INPUT DATA section start

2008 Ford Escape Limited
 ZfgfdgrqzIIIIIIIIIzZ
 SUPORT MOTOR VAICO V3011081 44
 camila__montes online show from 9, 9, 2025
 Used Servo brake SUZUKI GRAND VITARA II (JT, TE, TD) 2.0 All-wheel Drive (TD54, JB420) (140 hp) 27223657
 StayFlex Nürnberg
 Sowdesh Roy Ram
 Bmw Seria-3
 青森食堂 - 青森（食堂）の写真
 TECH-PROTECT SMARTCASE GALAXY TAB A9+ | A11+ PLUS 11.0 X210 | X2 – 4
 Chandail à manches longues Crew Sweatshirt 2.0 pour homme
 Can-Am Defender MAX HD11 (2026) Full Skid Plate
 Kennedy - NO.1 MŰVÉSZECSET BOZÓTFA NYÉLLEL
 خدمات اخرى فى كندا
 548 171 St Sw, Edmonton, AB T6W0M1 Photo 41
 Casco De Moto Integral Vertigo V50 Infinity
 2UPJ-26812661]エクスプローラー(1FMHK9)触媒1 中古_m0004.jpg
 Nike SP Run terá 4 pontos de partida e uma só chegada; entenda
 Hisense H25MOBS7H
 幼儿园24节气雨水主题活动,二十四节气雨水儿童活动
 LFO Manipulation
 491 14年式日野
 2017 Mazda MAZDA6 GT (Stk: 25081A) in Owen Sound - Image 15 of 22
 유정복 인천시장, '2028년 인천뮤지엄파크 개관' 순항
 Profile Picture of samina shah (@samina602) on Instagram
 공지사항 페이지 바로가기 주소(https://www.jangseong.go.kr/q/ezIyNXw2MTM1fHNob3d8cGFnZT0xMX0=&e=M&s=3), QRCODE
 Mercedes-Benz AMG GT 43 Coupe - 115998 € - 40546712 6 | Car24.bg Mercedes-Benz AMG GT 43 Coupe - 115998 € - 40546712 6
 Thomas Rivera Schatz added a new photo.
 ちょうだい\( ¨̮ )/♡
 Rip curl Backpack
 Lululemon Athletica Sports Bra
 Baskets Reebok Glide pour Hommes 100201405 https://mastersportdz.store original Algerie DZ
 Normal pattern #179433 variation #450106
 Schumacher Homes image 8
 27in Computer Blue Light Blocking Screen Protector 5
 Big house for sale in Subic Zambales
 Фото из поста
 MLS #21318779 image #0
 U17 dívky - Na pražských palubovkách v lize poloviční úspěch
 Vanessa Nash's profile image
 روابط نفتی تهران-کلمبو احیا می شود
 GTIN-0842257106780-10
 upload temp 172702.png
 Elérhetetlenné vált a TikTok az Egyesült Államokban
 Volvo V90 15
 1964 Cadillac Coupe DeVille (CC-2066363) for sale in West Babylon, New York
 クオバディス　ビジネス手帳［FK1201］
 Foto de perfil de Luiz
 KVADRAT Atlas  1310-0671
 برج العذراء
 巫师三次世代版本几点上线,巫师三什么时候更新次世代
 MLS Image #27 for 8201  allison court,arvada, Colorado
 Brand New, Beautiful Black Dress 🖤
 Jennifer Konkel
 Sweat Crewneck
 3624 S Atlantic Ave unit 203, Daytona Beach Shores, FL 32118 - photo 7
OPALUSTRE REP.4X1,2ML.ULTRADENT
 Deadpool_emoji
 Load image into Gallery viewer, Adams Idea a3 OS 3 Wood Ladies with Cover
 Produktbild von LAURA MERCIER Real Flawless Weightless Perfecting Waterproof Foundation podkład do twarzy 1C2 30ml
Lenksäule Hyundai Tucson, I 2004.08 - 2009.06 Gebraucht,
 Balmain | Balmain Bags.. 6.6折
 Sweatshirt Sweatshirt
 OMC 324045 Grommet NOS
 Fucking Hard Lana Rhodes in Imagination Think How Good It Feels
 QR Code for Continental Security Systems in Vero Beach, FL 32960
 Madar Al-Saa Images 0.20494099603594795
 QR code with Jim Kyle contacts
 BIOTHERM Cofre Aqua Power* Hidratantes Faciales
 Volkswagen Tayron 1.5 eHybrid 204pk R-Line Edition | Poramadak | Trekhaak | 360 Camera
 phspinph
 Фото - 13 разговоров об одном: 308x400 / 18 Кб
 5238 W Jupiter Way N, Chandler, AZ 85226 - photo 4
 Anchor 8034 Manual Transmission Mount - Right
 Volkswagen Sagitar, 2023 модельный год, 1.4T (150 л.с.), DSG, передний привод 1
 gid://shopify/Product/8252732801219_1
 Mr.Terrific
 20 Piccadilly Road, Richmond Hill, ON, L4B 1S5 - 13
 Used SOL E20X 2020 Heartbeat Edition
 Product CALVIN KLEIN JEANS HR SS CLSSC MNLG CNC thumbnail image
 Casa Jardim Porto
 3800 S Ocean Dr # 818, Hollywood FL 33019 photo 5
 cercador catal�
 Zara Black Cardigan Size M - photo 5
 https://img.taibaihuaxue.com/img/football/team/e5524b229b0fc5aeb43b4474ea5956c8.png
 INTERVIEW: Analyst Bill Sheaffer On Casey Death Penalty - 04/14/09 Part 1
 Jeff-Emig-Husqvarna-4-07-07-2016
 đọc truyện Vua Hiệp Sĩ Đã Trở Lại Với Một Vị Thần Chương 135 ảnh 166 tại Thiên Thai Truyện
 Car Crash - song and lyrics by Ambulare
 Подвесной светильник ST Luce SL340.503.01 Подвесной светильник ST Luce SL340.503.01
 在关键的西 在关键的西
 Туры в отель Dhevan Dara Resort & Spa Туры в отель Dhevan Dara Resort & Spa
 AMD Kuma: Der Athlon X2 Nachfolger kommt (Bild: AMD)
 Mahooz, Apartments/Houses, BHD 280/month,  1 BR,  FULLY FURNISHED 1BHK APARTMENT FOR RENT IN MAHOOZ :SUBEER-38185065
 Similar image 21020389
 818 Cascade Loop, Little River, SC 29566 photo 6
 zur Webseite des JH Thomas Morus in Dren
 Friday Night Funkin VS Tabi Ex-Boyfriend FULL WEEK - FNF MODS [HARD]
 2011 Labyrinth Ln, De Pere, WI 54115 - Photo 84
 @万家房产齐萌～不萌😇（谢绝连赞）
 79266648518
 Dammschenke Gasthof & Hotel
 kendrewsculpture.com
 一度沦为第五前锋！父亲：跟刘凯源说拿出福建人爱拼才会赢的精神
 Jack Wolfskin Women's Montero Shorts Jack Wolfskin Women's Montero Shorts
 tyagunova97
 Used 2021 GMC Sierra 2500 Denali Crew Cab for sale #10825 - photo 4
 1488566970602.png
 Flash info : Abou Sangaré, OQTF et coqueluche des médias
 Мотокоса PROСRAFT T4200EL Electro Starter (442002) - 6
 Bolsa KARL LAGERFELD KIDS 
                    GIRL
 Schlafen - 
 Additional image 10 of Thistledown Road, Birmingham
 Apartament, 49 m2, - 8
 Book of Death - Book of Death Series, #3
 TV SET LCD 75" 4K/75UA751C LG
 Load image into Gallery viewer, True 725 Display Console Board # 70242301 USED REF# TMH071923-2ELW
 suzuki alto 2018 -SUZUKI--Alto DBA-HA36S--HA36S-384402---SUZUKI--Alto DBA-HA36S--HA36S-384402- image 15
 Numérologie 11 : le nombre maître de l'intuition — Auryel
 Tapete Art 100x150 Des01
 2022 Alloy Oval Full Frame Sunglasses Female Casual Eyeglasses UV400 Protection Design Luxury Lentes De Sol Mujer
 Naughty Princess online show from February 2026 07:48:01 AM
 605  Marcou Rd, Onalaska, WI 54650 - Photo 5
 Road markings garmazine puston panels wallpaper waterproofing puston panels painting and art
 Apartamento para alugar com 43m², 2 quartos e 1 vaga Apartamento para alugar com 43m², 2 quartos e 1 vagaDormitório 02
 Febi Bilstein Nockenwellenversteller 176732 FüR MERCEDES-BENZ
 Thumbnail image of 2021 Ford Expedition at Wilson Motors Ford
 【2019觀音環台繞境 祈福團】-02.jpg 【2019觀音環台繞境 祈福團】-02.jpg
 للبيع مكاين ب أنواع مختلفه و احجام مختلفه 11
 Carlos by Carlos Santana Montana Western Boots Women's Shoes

INPUT DATA section end

● **WORK TASK**: Look above and return each line of the records exactly, from the very first through the line with "MLS Image #27", both included.

● **TASK RESULT**:
2008 Ford Escape Limited
 ZfgfdgrqzIIIIIIIIIzZ
 SUPORT MOTOR VAICO V3011081 44
 camila__montes online show from 9, 9, 2025
 Used Servo brake SUZUKI GRAND VITARA II (JT, TE, TD) 2.0 All-wheel Drive (TD54, JB420) (140 hp) 27223657
 StayFlex Nürnberg
 Sowdesh Roy Ram
 Bmw Seria-3
 青森食堂 - 青森（食堂）の写真
 TECH-PROTECT SMARTCASE GALAXY TAB A9+ | A11+ PLUS 11.0 X210 | X2 – 4
 Chandail à manches longues Crew Sweatshirt 2.0 pour homme
 Can-Am Defender MAX HD11 (2026) Full Skid Plate
 Kennedy - NO.1 MŰVÉSZECSET BOZÓTFA NYÉLLEL
 خدمات اخرى فى كندا
 548 171 St Sw, Edmonton, AB T6W0M1 Photo 41
 Casco De Moto Integral Vertigo V50 Infinity
 2UPJ-26812661]エクスプローラー(1FMHK9)触媒1 中古_m0004.jpg
 Nike SP Run terá 4 pontos de partida e uma só chegada; entenda
 Hisense H25MOBS7H
 幼儿园24节气雨水主题活动,二十四节气雨水儿童活动
 LFO Manipulation
 491 14年式日野
 2017 Mazda MAZDA6 GT (Stk: 25081A) in Owen Sound - Image 15 of 22
 유정복 인천시장, '2028년 인천뮤지엄파크 개관' 순항
 Profile Picture of samina shah (@samina602) on Instagram
 공지사항 페이지 바로가기 주소(https://www.jangseong.go.kr/q/ezIyNXw2MTM1fHNob3d8cGFnZT0xMX0=&e=M&s=3), QRCODE
 Mercedes-Benz AMG GT 43 Coupe - 115998 € - 40546712 6 | Car24.bg Mercedes-Benz AMG GT 43 Coupe - 115998 € - 40546712 6
 Thomas Rivera Schatz added a new photo.
 ちょうだい\( ¨̮ )/♡
 Rip curl Backpack
 Lululemon Athletica Sports Bra
 Baskets Reebok Glide pour Hommes 100201405 https://mastersportdz.store original Algerie DZ
 Normal pattern #179433 variation #450106
 Schumacher Homes image 8
 27in Computer Blue Light Blocking Screen Protector 5
 Big house for sale in Subic Zambales
 Фото из поста
 MLS #21318779 image #0
 U17 dívky - Na pražských palubovkách v lize poloviční úspěch
 Vanessa Nash's profile image
 روابط نفتی تهران-کلمبو احیا می شود
 GTIN-0842257106780-10
 upload temp 172702.png
 Elérhetetlenné vált a TikTok az Egyesült Államokban
 Volvo V90 15
 1964 Cadillac Coupe DeVille (CC-2066363) for sale in West Babylon, New York
 クオバディス　ビジネス手帳［FK1201］
 Foto de perfil de Luiz
 KVADRAT Atlas  1310-0671
 برج العذراء
 巫师三次世代版本几点上线,巫师三什么时候更新次世代
 MLS Image #27 for 8201  allison court,arvada, Colorado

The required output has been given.